I was comparing the payment to buying or operating a server (even a free old server has costs, e.g. for electricity). In truth, a proper modern comparison should be to a free plan from one of the cloud providers which is likely to be 0/month.

1 comments

> I was comparing the payment to buying or operating a server (even a free old server has costs, e.g. for electricity)

Sure, but if the machine is already running, it's free. Or if you can stick it in a cupboard at work/university, it's free.

> 0/month

is there actually free cloud hosting? don't they ask for your credit card first before they offer you "credits"?

>Sure, but if the machine is already running, it's free.

It still has costs for admin and electricity (via extra CPU load), though I grant these could be marginal.

>Or if you can stick it in a cupboard at work/university, it's free.

This is using someone else's resources, rather dubiously ethical. I suspect IT is going to have a fit when they find out - assuming they didn't block the relevant ports in the first place.
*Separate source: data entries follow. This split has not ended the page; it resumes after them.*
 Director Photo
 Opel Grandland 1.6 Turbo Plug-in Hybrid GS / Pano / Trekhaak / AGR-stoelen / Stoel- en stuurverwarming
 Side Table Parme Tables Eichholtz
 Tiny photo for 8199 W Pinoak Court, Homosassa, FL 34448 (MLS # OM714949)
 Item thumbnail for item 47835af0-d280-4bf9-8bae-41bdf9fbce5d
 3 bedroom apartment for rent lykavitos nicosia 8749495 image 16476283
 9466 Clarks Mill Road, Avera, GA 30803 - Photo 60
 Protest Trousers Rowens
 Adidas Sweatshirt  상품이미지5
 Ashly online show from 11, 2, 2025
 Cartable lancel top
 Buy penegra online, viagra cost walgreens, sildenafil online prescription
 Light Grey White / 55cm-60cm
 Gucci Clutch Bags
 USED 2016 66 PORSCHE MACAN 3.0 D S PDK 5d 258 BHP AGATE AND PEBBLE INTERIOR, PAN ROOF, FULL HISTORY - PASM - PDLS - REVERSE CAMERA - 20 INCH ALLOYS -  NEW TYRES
>is there actually free cloud hosting? don't they ask for your credit card first before they offer you "credits"?

There are free plans on Azure/AWS/GCP. Asking for credit card data does not mean you are being charged, I suspect it's really more about identifying users.

It's possible to set up free plans without credit card if one has some other id (e.g. Azure's free plans via MSDN). A prepaid card should work as well.

Honestly, I think self-hosted is the way to go. Most cloud hosting services are scams, and with self-hosted you have full control over the system.